I Wrote a Letter

One time when I was nine, I was on a vacation and I wrote a postcard to a friend of mine. I wrote out a message explaining that it was very hot where we were, and very pretty, and that I was having a lovely time. I then signed the postcard at the bottom. In the section next to my message, where one is supposed to put in the address of the recipient, I wrote my friend’s first name and the country he lived in. I was hoping that the postman would know the “Jesse” I was talking about who lived in the “United States.” Shockingly, my friend never received the postcard. Perhaps it was instead read by Jesse Helms or Jesse “The Body” Ventura. I don’t know.

I thought of this recently when sending an email to him. I wrote out “J-E” and Gmail guessed that I was writing to my friend Jesse and gave me his email address and then all I had to do was hit send. It was glorious.

I have Gmail. I have G-chat. I’m on G-chat right now. I just wrote “brb” to a friend of mine so that I could write this blog post. I blog. I don’t even brag about writing for a blog anymore. I’m on Twitter. I can tweet from my phone, you guys. I now use the word “tweet” without giggling at its ridiculousness right after.

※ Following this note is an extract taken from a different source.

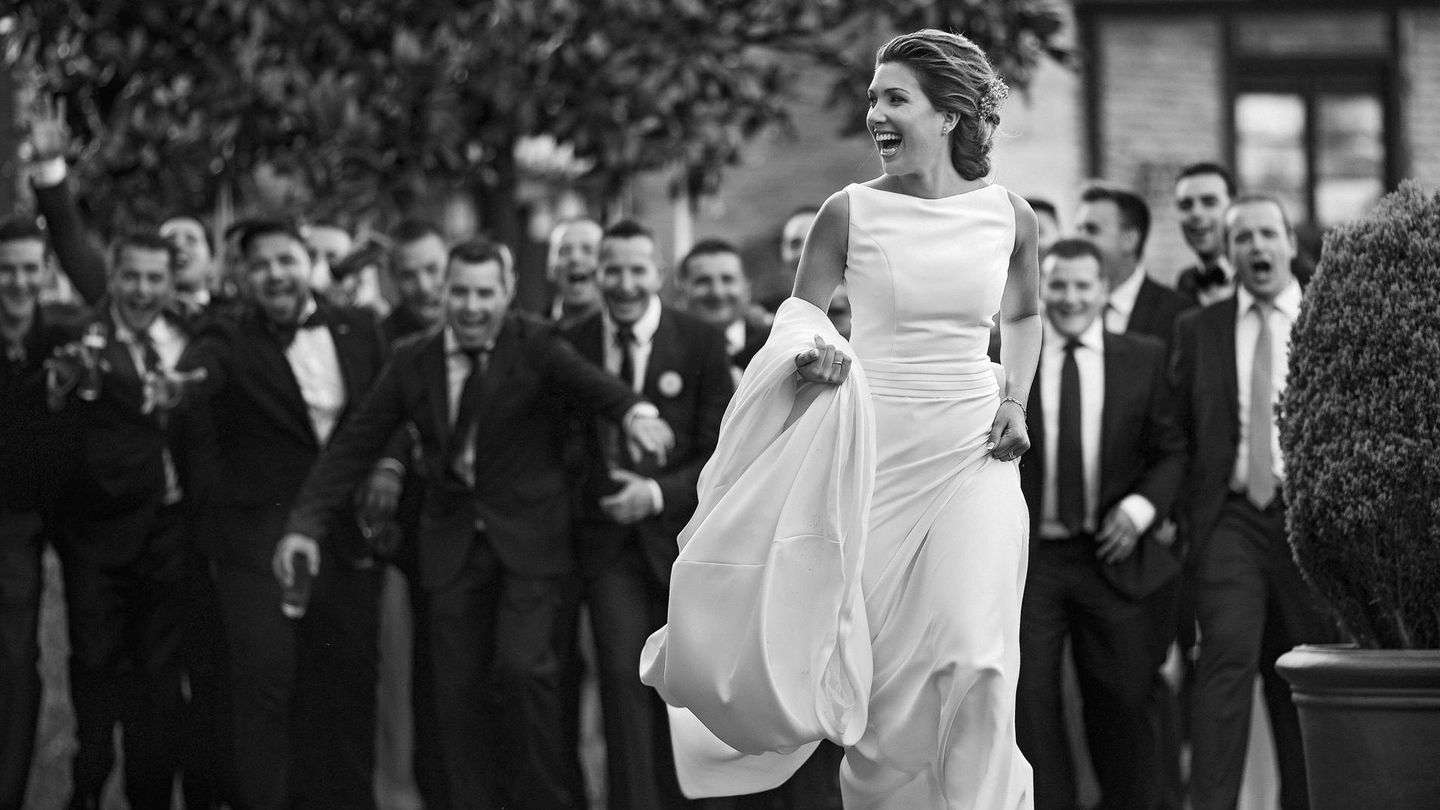 La novia corre delante de sus amigos. (Fotografía: Galería Estudio Fotográfico)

It is a word like “couch” that is just a word that I use. I’m on Facebook. I check my friends statuses constantly. I just “liked” a picture my friend posted of bell peppers grilling on her barbecue. I don’t actually like bell peppers. I kind of hate bell peppers. I’m on Flickr too. I’m on Google +. I don’t know how to do anything on there, but I’m on there. I have circles. I have videos on Youtube. I have a website that links to my Twitter, Facebook and Youtube videos. I’m pretty sure I have Friendster and Myspace accounts, drifting out there in the deepest darkest corners of the internet. They will remain after I die. A stranger will stumble upon (using StumbleUpon) my Friendster account decades after my death and save my pictures to their hard drive the way we collect faded photographs of strangers at flea markets.

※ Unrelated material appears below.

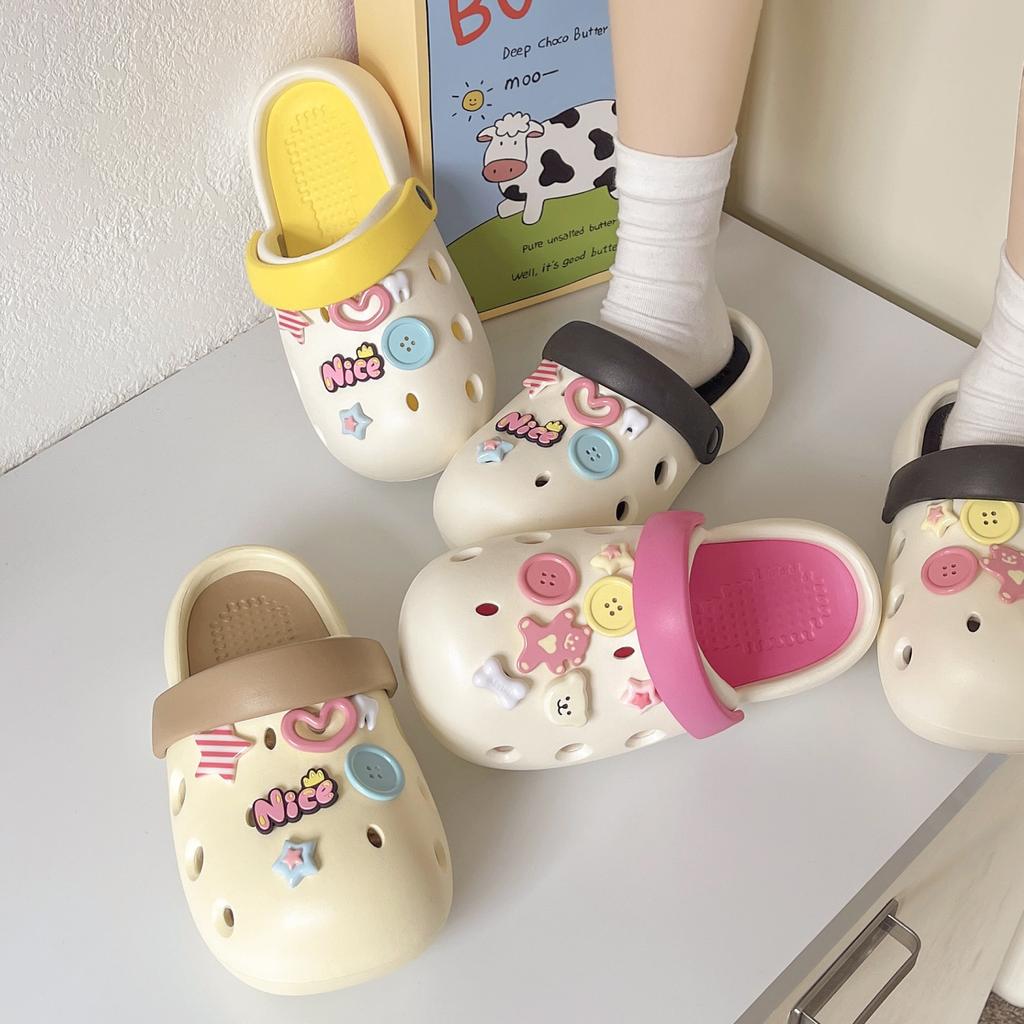 Модные новые сандалии тапочки милые мультяшные сабо женские мюли летние пляжные сандалии пещера отверстие женская садовая обувь для студентов девочек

Despite all of these programs, I decided to write an honest to God letter recently. It felt good. I thought about what I wanted to say. It had a beginning, middle and end. I wrote long-hand, in broken cursive. I dotted i’s and crossed t’s. When I signed it “Sincerely, Andrew”, I meant it. It was truly sincere. I held it in my hands for a moment after writing it, excited. And that’s when I realized that it did not have a simple “send” button, and I had completely forgotten how to get a written letter into the hands of someone on the other side of the country. I vaguely remembered “stamps.” At one time, I think they were a form of currency. But where could I find these mysterious stamps now? Surely old people still had them. Was I supposed to follow an octogenarian home and steal their stamps like a mythical leprechaun’s pot of gold? And how much money do stamps cost? Do you cut a penny in half, and that’s how much a stamp costs? Or does a stamp cost five hundred dollars now? I literally have no idea. And I don’t have my friend’s address. Who has someone’s address anymore? The only time I give out my address to anyone these days is food delivery places for pizzas I order OFF THE INTERNET. Crazy.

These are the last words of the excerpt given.